Novo Nordisk launches new Rybelsus pill for type 2 diabetes in the UK
Novo Nordisk’s new type 2 diabetes treatment Rybelsus is now available for doctors and physicians in the UK to prescribe to adult patients.
The drug is orally administered semaglutide and is the world’s first glucagon-like peptide-1 receptor agonist pill (GLP-1 RA) for treating this form of diabetes.
This follows the PIONEER clinical trials, where participants were given a 14 mg dose of the drug, and 7 out of 10 patients achieved target blood sugar. Currently, 40% of adults with type 2 diabetes in the UK fail to achieve target blood sugar of <7%, which puts them at an increased risk of diabetes-related complications.
The drug was also well tolerated, with some patients experiencing adverse reactions like nausea and diarrhoea when the treatment was used with insulin and/or sulfonylurea.
Novo Nordisk has been researching how to translate the treatment to a pill format for over a decade, and has formulated the drug with an absorption enhancer to allow it to be taken orally and absorbed within the stomach.
Previously, GLP-1 RAs, including semaglutide, could only be delivered by injection because it is a protein-based treatment broken down by stomach acid. But over 48% of GPs said this form of treatment was a barrier to giving patients GLP-1 RAs, as the injection can cause delays and can prevent treatment goals from being met.

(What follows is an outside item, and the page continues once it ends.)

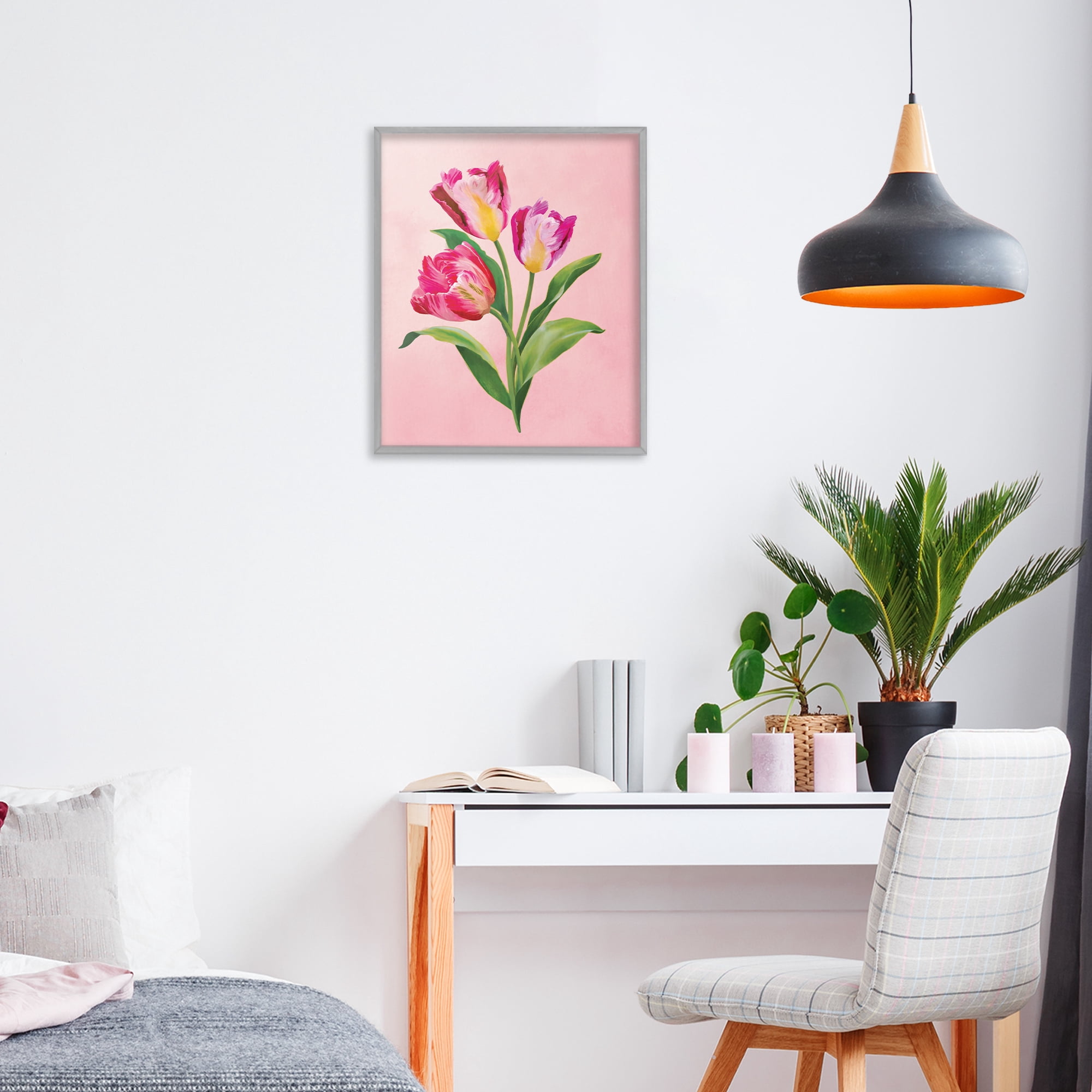 Stupell Industries Vibrant Magenta Tulips Gray Framed Giclee Art, design by Diane Neukirch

Steve Bain, Professor of Medicine at Swansea University Medical School, said: “GLP-1 RAs are recognised as offering glycaemic control and weight loss benefits compared to other types of type 2 diabetes treatment, but are clinically underutilised because they are only available as injectables. Being able to offer patients the option of a GLP-1 RA in-a-pill may make it easier for physicians, including GPs, to intensify treatment earlier for people with T2D who are not controlled on their current treatment, helping them achieve their clinical treatment goals and reduce their risk of serious complications.”
Rybelsus is a cost-effective treatment for the NHS as it can offset the cost through the savings of reducing complications arising from patients with type 2 diabetes. In the UK, the cost-effectiveness of GLP-1 RAs has already been determined in national guidelines including The National Institute for Health and Care Excellence and the Scottish Medicine Consortium.